#### EXERCISE MATERIAL ####

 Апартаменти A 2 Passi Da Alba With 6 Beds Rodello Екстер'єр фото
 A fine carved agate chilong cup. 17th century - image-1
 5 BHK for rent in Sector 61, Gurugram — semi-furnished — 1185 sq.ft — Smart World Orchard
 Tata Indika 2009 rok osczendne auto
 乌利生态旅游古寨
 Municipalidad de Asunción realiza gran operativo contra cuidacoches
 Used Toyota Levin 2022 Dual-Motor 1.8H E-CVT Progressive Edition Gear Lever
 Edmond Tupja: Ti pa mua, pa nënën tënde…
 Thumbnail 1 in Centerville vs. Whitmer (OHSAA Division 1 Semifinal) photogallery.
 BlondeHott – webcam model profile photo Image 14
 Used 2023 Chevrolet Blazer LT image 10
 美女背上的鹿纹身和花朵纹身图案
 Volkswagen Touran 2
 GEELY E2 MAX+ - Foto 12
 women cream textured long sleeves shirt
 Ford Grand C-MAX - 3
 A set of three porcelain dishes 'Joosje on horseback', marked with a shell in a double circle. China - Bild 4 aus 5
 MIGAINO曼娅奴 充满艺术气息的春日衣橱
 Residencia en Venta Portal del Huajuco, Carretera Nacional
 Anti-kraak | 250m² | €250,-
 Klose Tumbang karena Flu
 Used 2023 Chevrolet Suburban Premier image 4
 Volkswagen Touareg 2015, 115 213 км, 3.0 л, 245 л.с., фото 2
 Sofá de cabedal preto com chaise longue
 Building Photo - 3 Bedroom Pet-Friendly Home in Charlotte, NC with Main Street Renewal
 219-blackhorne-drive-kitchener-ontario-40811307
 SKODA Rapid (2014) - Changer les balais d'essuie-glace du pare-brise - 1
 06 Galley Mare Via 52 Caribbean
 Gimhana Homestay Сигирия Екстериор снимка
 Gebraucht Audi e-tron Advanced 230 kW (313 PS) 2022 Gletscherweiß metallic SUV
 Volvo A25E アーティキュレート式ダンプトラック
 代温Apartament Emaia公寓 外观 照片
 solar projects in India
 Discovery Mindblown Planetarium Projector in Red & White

####

- _PROBLEM TO WORK ON_
Reprint exactly the lines above that start at the one with "5 BHK for rent" and end at the one with "Residencia en Venta", keeping both and adding none.

- _ANSWER TO THIS TASK_
 5 BHK for rent in Sector 61, Gurugram — semi-furnished — 1185 sq.ft — Smart World Orchard
 Tata Indika 2009 rok osczendne auto
 乌利生态旅游古寨
 Municipalidad de Asunción realiza gran operativo contra cuidacoches
 Used Toyota Levin 2022 Dual-Motor 1.8H E-CVT Progressive Edition Gear Lever
 Edmond Tupja: Ti pa mua, pa nënën tënde…
 Thumbnail 1 in Centerville vs. Whitmer (OHSAA Division 1 Semifinal) photogallery.
 BlondeHott – webcam model profile photo Image 14
 Used 2023 Chevrolet Blazer LT image 10
 美女背上的鹿纹身和花朵纹身图案
 Volkswagen Touran 2
 GEELY E2 MAX+ - Foto 12
 women cream textured long sleeves shirt
 Ford Grand C-MAX - 3
 A set of three porcelain dishes 'Joosje on horseback', marked with a shell in a double circle. China - Bild 4 aus 5
 MIGAINO曼娅奴 充满艺术气息的春日衣橱
 Residencia en Venta Portal del Huajuco, Carretera Nacional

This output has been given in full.